_Dataset content_.
=== Section Start ===
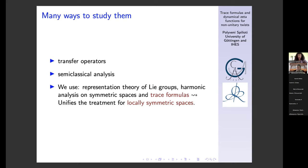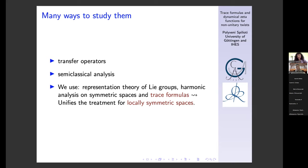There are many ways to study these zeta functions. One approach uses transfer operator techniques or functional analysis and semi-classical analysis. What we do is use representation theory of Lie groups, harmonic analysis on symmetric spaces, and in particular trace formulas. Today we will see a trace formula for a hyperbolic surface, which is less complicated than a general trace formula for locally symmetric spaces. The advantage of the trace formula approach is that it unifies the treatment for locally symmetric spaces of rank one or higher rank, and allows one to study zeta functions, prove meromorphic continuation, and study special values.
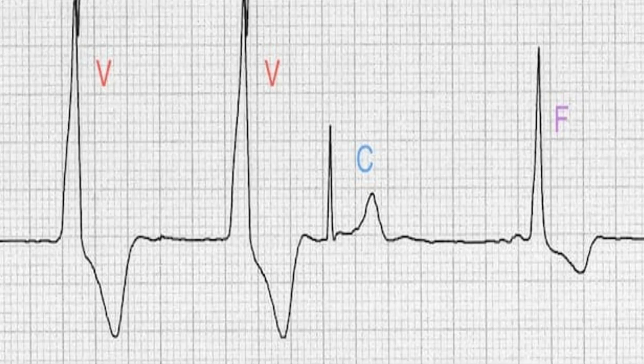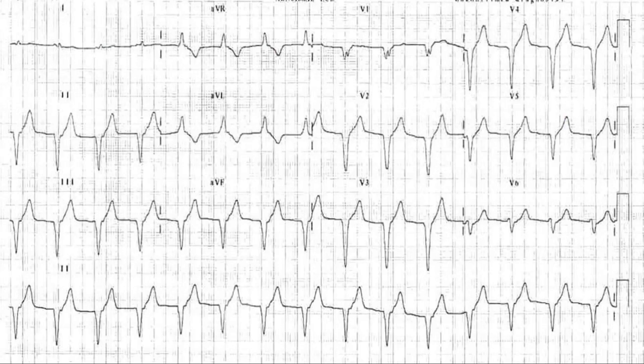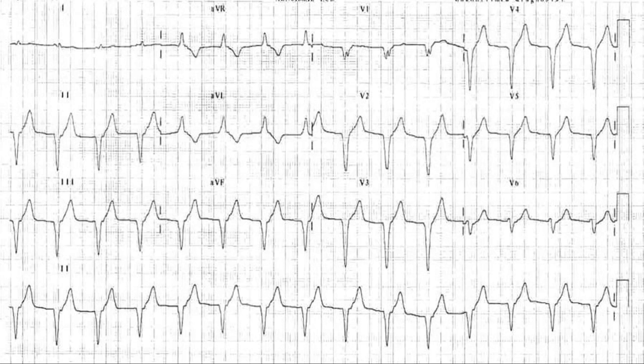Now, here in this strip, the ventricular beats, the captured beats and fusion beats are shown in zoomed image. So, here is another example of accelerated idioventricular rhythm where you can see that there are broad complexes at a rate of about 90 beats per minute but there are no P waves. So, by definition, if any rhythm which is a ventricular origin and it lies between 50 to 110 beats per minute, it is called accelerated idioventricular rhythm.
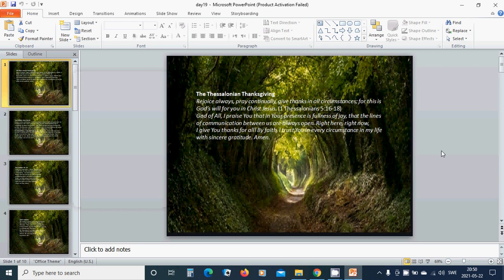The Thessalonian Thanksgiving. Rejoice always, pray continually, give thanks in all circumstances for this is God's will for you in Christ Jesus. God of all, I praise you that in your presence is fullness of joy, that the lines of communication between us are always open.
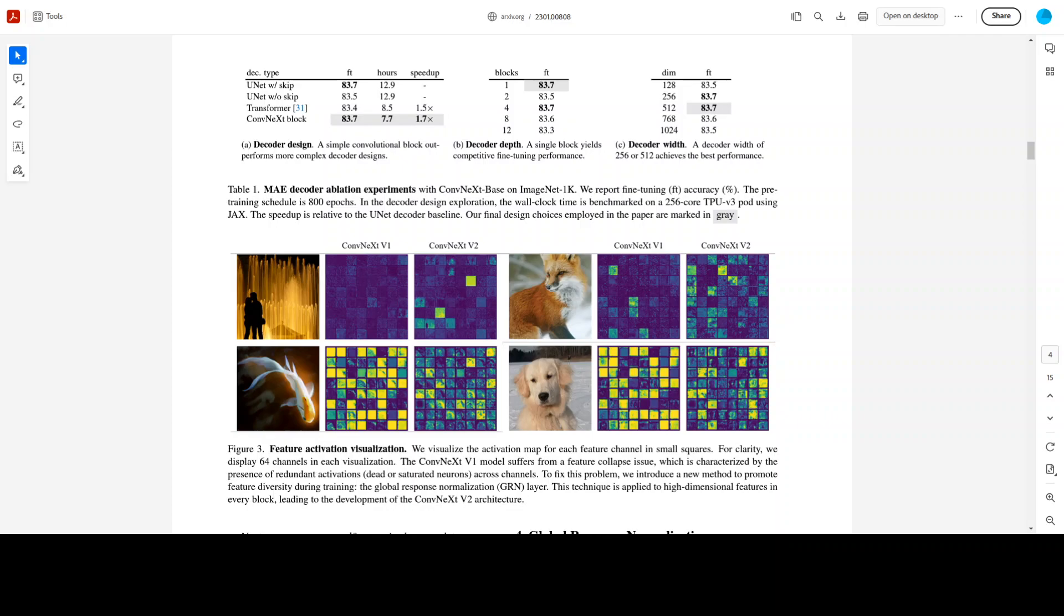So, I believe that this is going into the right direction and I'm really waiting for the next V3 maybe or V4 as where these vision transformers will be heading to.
=== Section End ===
=== Section Start ===
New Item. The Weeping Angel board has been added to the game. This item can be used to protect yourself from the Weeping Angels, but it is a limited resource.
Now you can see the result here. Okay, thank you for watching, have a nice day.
=== Section End ===
_Task brief_.
Everything between and including the line above containing "The Thessalonian Thanksgiving." and the line containing "So, I believe" should be reproduced exactly, with pictures excluded.

_Completed task_.
The Thessalonian Thanksgiving. Rejoice always, pray continually, give thanks in all circumstances for this is God's will for you in Christ Jesus. God of all, I praise you that in your presence is fullness of joy, that the lines of communication between us are always open.
So, I believe that this is going into the right direction and I'm really waiting for the next V3 maybe or V4 as where these vision transformers will be heading to.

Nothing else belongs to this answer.